Wednesday, June 2, 2010

Consideration of Works Past: Chosen Country


(Picture from here.)

(Review here.)

(Odd little YouTube on this here.)

Chosen Country, by John Dos Passos, is a unique book in my experience. It is a love story where the actual love story events occur in the last sixty pages of the book.

The lovers are Jay Pignatelli and Lulie Harrington. The book follows them through their the various intersections of their lives showing the evolution of their character until, when the love story is actually presented, it is inevitable. It's not that these two are destined to be with one another. It's that their lives have been so shaped by their experience and American society that when they are both ready and come together their love and marriage are an inescapable consequence.

It's a beautifully realized book. The characters are wonderful and the insight into the first part of the American century is stellar.

There are a couple of things that were important to me about the book. The first idea is how Dos Passos tells a story through many points of view and many characters. This is Dos Passos technique. But Chosen Country is a sweet encapsulation of this technique.

There is a deeper component to this technique. Dos Passos is, in my opinion, more aware of how the reader is experiencing the book than most writers. It's practically a necessity based on the technique. The effect of the book on the reader depends on a particular perception of the constellation of characters-- the books effect exists independently from the individual characters, scenes and words. It is the cumulative effect of the book that Dos Passos is driving for.

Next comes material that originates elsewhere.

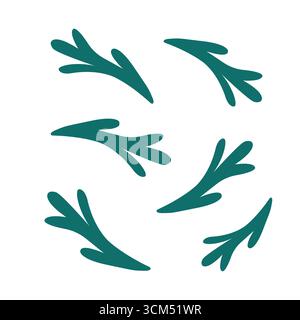 Tannenzweige Set. Vektor-Illustration für Weihnachtskarten, Winterdesigns und saisonales Branding. Winterurlaub immergrüne Dekoration, Fichte oder Kiefer Stock Vektor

Of course, all writers strive for the same sort of cumulative effect. But in most works this derives from a single climax set of scenes where the particular plot points are explicitly resolved. Dos Passos, in Chosen Country, demands that the reader carry these plot points along, marked as the reader proceeds, on his own. Then, the reader has them all connected in his mind before the climax occurs. No restatement happens. The plot points or character points are often not even referenced. Such and such a thing happens and the reader, holding the rest of the cards that directly or indirectly reference these points, responds.

Compare, for example, the climax scene in John Steinbeck's The Grapes of Wrath, when Ma Joad tells her daughter to nurse the dying father in the train, saying, in effect, that this is what they must do to survive. There are all the accoutrements of loss around them: the abandoned train, the lost family, the dying man, backing up what Ma Joad says. It's all right there in front of the reader. Many things resonate in the reader's mind-- Tom Joad running off, the loss of other family members, etc., but they resonate with something that's right there on the stage in front of the reader. We see Ma Joad's conclusion and empathize with her thoughts and emotions.

In Chosen Country, it's very different. Neither Jay nor Lulie have any inkling how their lives have built up to the moment they are in love-- that's something only the reader can know since only the reader has seen all of the events leading up to this moment. They only know what they can see. It is the reader and only the reader who sees everything in the novel. There is no Ma Joad telling the reader what has happened and how to feel. There is only Jay and Lulie who have come together and are part and parcel of the world they have lived in. Therefore, the reader has no example to empathize with but must in fact appreciate and empathize with all that has happened within the novel itself.

Imagine how exciting this was to read for the first time. There are almost no modern examples of this technique-- possibly Stand on Zanzibar, by John Brunner or Make Room, Make Room, by Harry Harrison. (There may be more I'm missing but they are not common.)

I've tried more than once to do it but it's escaped me.